David Johnston wrote:
I have some problems installing java support to my browser (firefox). This support I installed with no problem when running the 32 bit version on the same machine, but now I can't find the plugin.
I'll second the suggestion to run the 32-bit browser. What do we gain by using a 64-bit version of Firefox? So many of the plugins won't work with it & aren't available in 64bit.
A distro isnt built around a single app - and if there is a feature lacking on one tree ( x86_64 in this case ) the system is capable of running the i386 distro, perhaps you might want to switch ? I run Firefox.x86_64 with no issues, but then I dont need/use any of those plugins either :)
Having said that, its also possible, to just grab the firefox.i386 browser from the i386 tree and install that locally. A couple of well placed exclude= and includepkgs= in the relevant yum config files, will even let you automate the process.

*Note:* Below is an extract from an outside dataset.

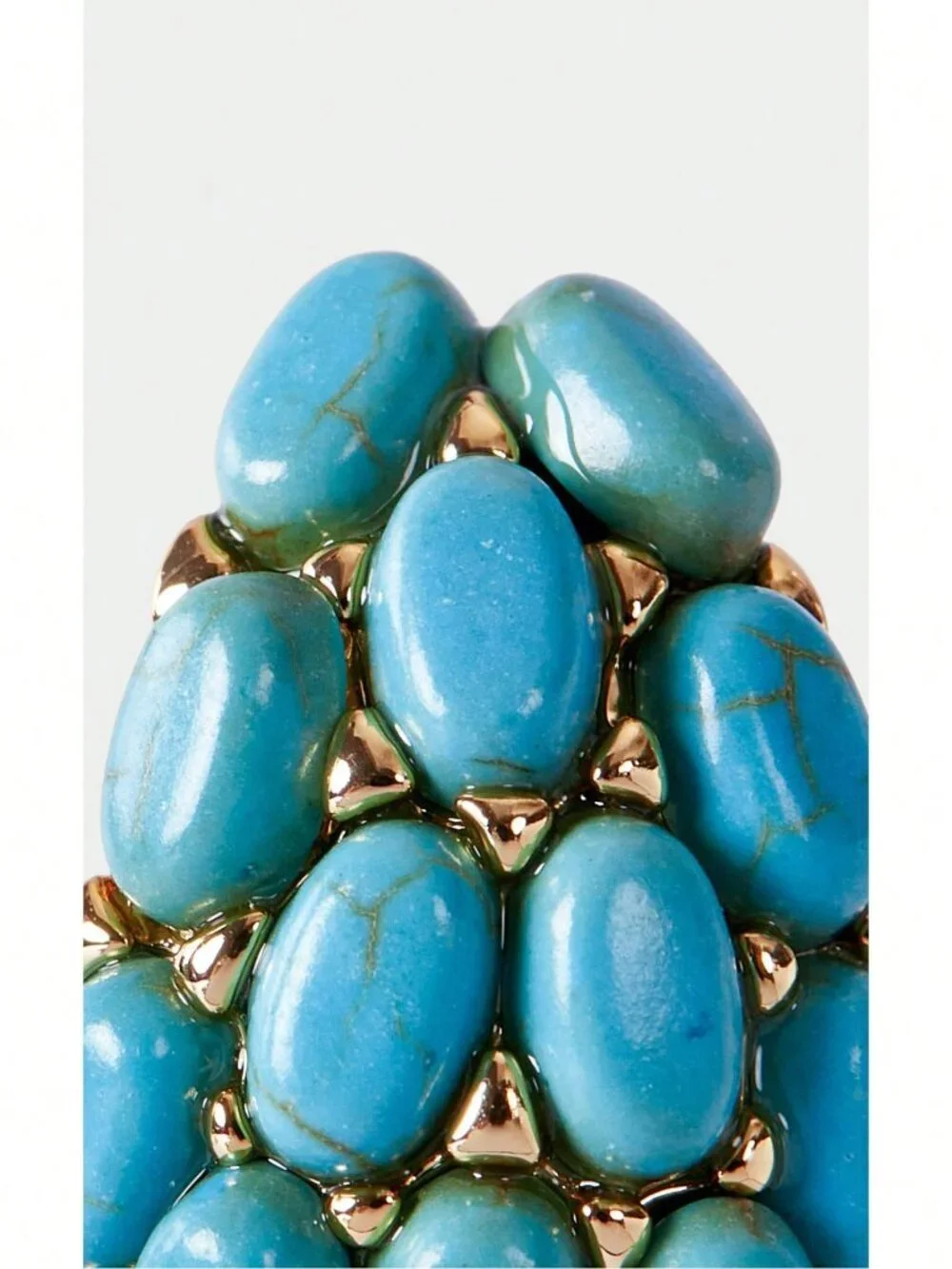 Peacock Blue Casual Women's Golden Stud Earrings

So should we file reports in Red Hat's bugzilla or lobby you to make an exception in this case? ;-)
Does ( as Tru already pointed out ) http://www.blackdown.org/java-linux/java2-status/jdk1.4-status.html not give you what you need w.r.t Java on x86_64 ?
The current system (64-bit browser) breaks things and requires manual intervention to get things working. If you stop building Firefox for 64-bit architectures, yum will fall back to the 32-bit versions which work, meaning that no manual intervention will be required.
There is no 32bit, i386 firefox in the CentOS/x86_64 distro tree so yum is not going to fall back to anything.